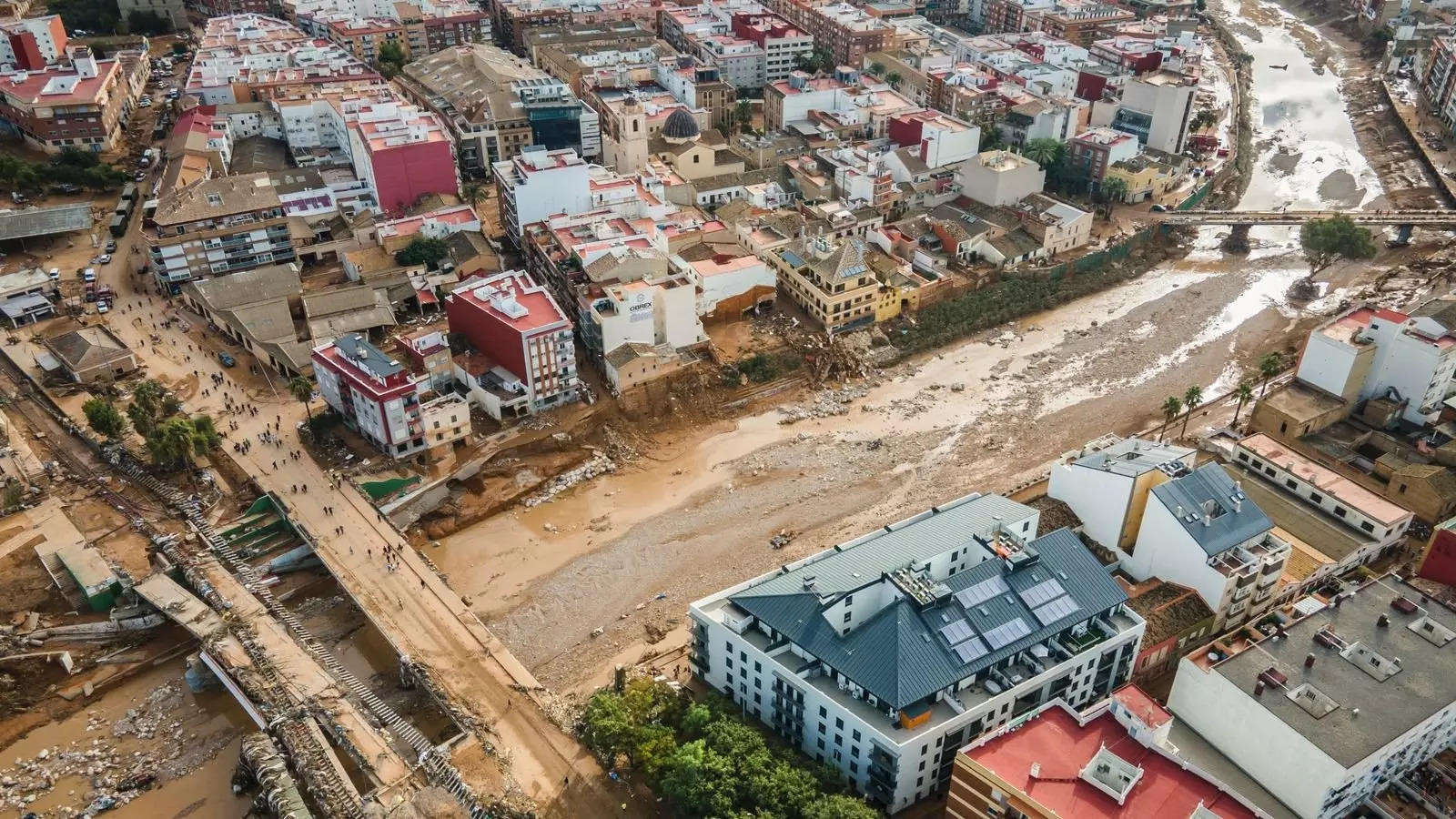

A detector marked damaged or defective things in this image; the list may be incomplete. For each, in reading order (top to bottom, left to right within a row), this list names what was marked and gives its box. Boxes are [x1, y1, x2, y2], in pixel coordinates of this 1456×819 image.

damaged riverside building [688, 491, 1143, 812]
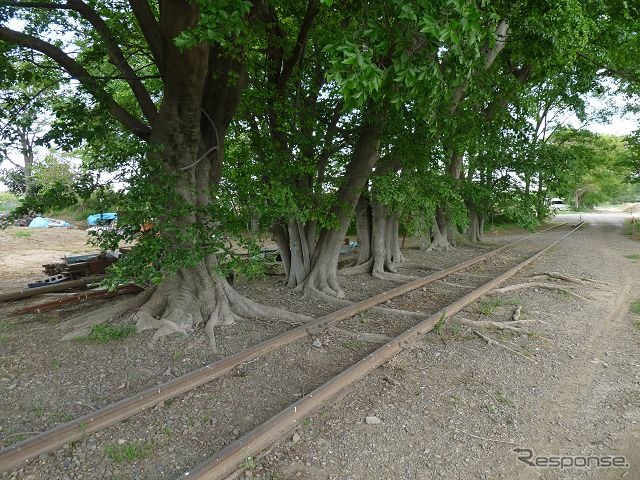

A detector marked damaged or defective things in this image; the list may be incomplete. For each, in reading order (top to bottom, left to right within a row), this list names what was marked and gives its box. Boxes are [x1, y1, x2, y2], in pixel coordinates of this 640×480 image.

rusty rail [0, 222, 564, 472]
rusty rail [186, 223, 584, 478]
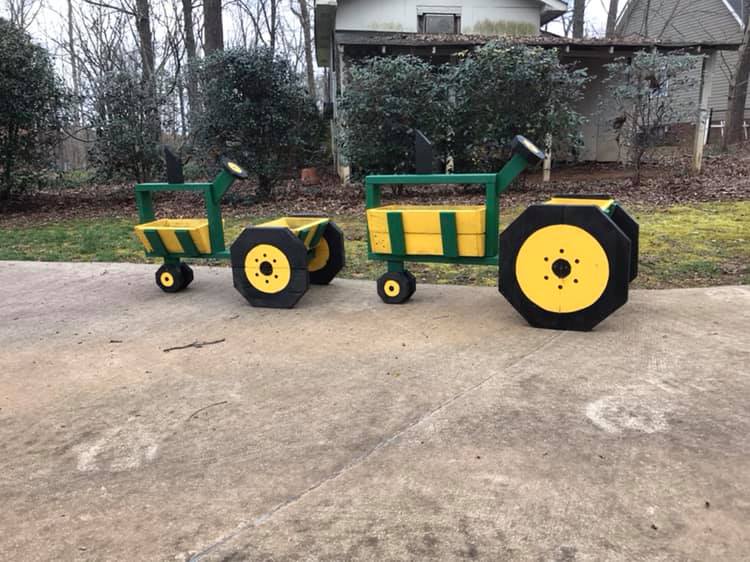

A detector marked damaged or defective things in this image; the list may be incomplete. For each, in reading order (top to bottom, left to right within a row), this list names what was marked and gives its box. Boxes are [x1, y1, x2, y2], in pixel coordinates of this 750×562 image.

— Exercise brief —
Leaving out the pictures, repeat all the entries exactly as they stand.

— Response below —
A detector marked damaged or defective things in this image; the list may be incomplete. For each, in reading order (top to bottom, left to right within a row), this list names what was marked and gives its box. Boxes are [x1, y1, x2, y2], in pixel coordinates of this 1456×819 image.

damaged riverside building [688, 491, 1143, 812]

A detector marked damaged or defective things in this image; the list may be incomplete. For each, in reading order (top to bottom, left to right within a row), this list names what was marked and gives its box. Boxes are [x1, y1, x2, y2], in pixel coordinates of this 640×480 image.

rusty rail [0, 222, 564, 472]
rusty rail [186, 223, 584, 478]

A detector marked damaged or defective things in this image; the list may be incomplete. For each, in reading order (top to bottom, left to right within a row), this list names what was marked and gives its box. Boxes are [x1, y1, x2, y2], in pixel coordinates of this 750×562 image.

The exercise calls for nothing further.